# ISO Camping suitable appetizers



## Somebunny (Jul 28, 2011)

I need to come up with a couple of "simple" appetizers that can be prepared either a few days ahead of time or can be quickly put together with limited kitchen resources.  We are going camping/cottaging (an annual Canadian   holiday for us) We will be at a lake cottage where there is no electricity save some solar panels that sparingly run a few lights at night.  I will have access to a propane BBQ grill and propane stove.  I will have some refrigeration (small propane trailer fridge) upon arrival and a cooler/ice chest for travel (5 hours from home).  We will be travelling Friday night and the appetizers will be served at a potluck on Sunday afternoon.  I would really like to offer something beside the obvious crudite' or cheese and crackers.
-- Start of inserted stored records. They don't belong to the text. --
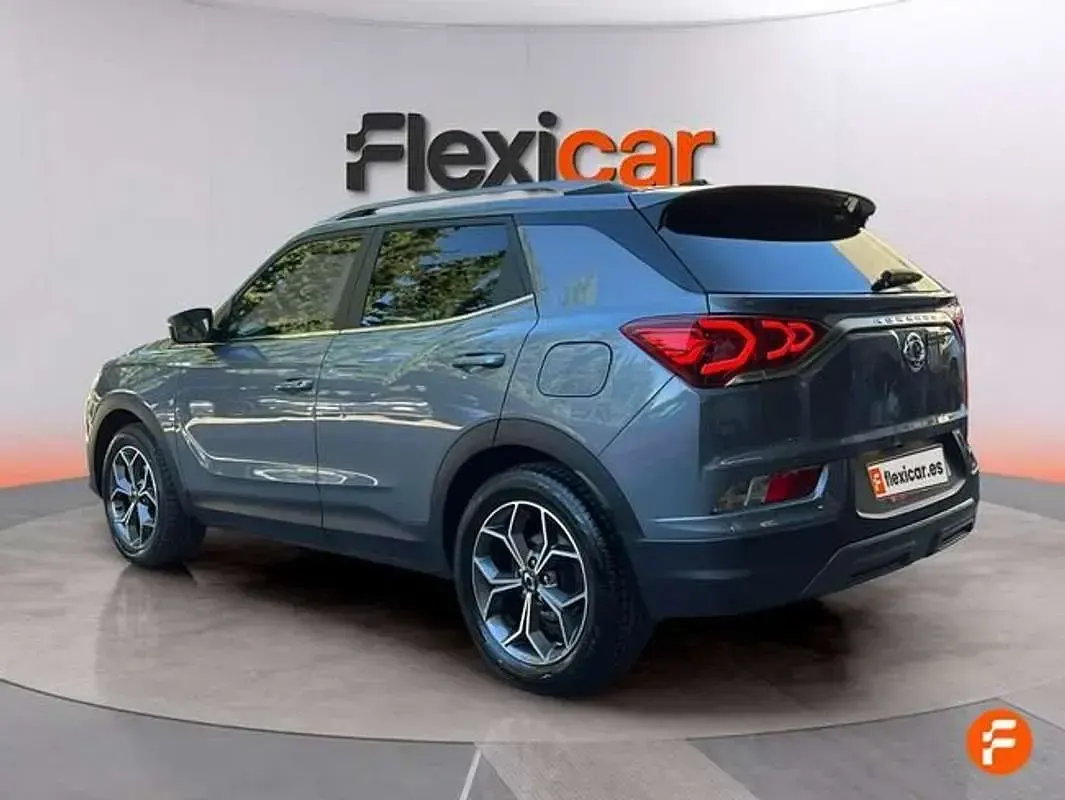 Usado SsangYong Korando Limited 148 CV (108 kW) 2024 Gris SUV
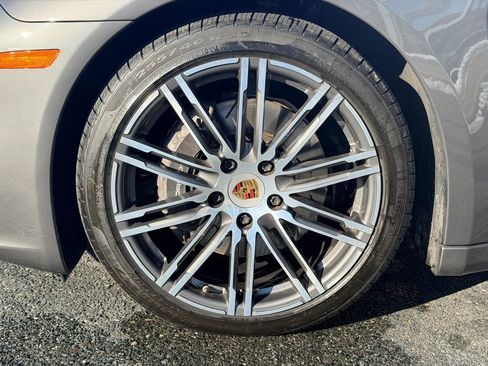 Used 2015 Porsche Panamera 4 image 28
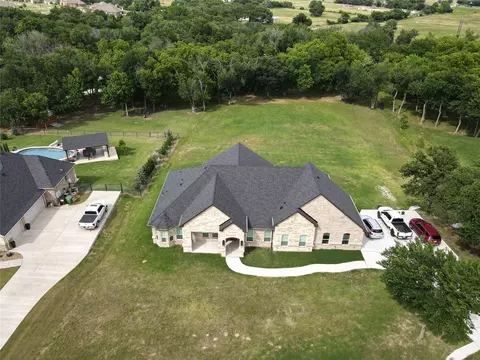 3248 N Cardinal St, Azle, TX 76020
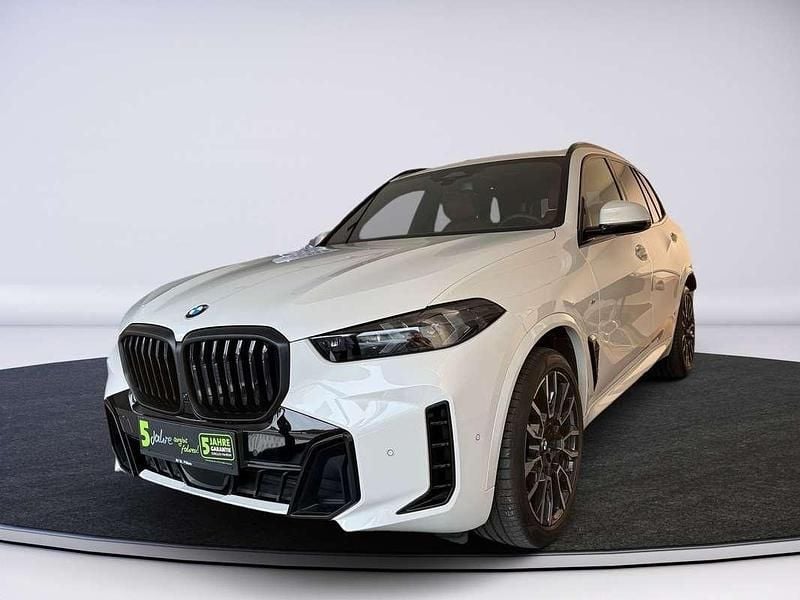 Gebraucht BMW X5 M Sport 352 PS (258 kW) 2024 Weiß SUV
Any ideas out there?  Thanks


----------



## Aunt Bea (Jul 28, 2011)

Some of the baked spinach artichoke dip recipes can be made ahead and frozen.  That should keep under primitive refrigeration until you bake it on Sunday.

 I must admit though in my family we stick with the "obvious" when camping.  Always include a big bag of roasted peanuts in the shell.  The critters love em as much as we do


----------



## cmontg34 (Jul 28, 2011)

You could make a big batch of bruschetta and store it in the fridge, which actually will make it taste better as the flavors sit. Take a couple baguettes with you, slice them and grill them the night of the pot luck.


----------



## Somebunny (Jul 28, 2011)

Thanks Aunt Bea.  Artichoke dip did cross my mind.  And yes, we always have peanuts for around the campfire.  There are usually 30 or 40 people at this potluck, we have a big horseshoe tournament and changed from a potluck supper to the appetizers because the tournament always ended up running well past the supper/dinner hour. So, now we just snack thru the tourney and have dessert later in the evening, oh and of course the peanuts!


----------



## pacanis (Jul 28, 2011)

cmontg34 said:


> You could make a big batch of bruschetta and store it in the fridge, which actually will make it taste better as the flavors sit. Take a couple baguettes with you, slice them and grill them the night of the pot luck.


 
That's a good idea. A bag of bruschetta mixture and toasted bread. Simple and different.
Here's one I make once in a while Sam the Cooking Guy - Mexican Bruschetta


----------



## Snip 13 (Jul 28, 2011)

You can make small fatcakes and fill them with tomato and cheese, minced beef, Tuna or chicken and mayo. Just about any filling will work. If you don't know what fat cakes are you can easily make you own ahead of time. Just take some white or brown bread dough, form into balls and deep fry till golden. Or you can ask if you want a recipe for your own dough.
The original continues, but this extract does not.